First, a question: what is difficulty?
In the context of a game, you could probably describe difficulty as consisting of two components: the leeway which the player has to make deviations from optimal play, and the degree of consequences impacting the player’s ability to achieve a favourable end-state when they make one of those deviations. In the bluntest terms: how easy it is to fuck up, and how badly each fuckup hurts you.
These may seem like very similar concepts, but they are in fact, very different, and most games will utilise them in combination one way or another in a sort of double-spectrum: the actual mechanical difficulty of a game comes from the result of the combination of these two factors, while the perceived difficulty of a game may depend on only one of these factors, in a way which means that a famously “difficult” game may actually be deceptively easy in the long-run.
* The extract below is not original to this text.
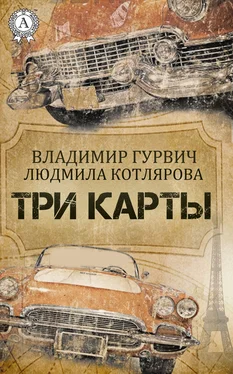 Владимир Гурвич Три карты обложка книги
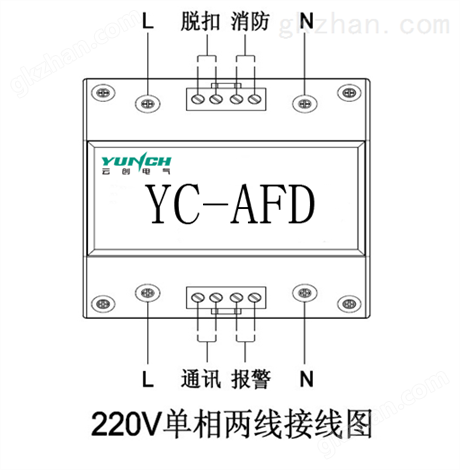 山东云创YC-AFD故障电弧探测器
Take, for example, Dark Souls and the subgenre which it has popularised. Dark Souls – as everyone who has played or heard of it is well aware – is a very difficult game – except it’s not, not really. It’s absolutely true that one wrong move in combat in a Soulslike game will heavily punish the player in the moment, with missed parries or attacks from basic enemies costing players a large portion of their health – and with hits from bosses possibly killing a player character in a single hit if it lands. However, this just means these games allow for few deviations from optimal play before punishing the player in some way. While that is one of the integral pillars of difficulty, it is also mitigated by the way the other pillar is implemented. While the player will often hit a lose state (seeing the famous ‘YOU DIED’ splash screen) that lose state has little meaningful long-term effect. In most Soulslikes, it means they lose a few minutes or even a few seconds worth of unbanked currency, and whatever progress they made form their last save point.
That might seem harsh as a death penalty – but consider the fact that this is also the death penalty for hitting a lose state in most games: you have to reload from the last point you saved at, and lose any resources you gathered and any progress you made since – except Soulslikes will also give you the opportunity to recover at least part of that progress by retrieving your lost currency. In fact, this means that while the first pillar of difficulty does in fact make Soulslikes harder, the second makes it easier.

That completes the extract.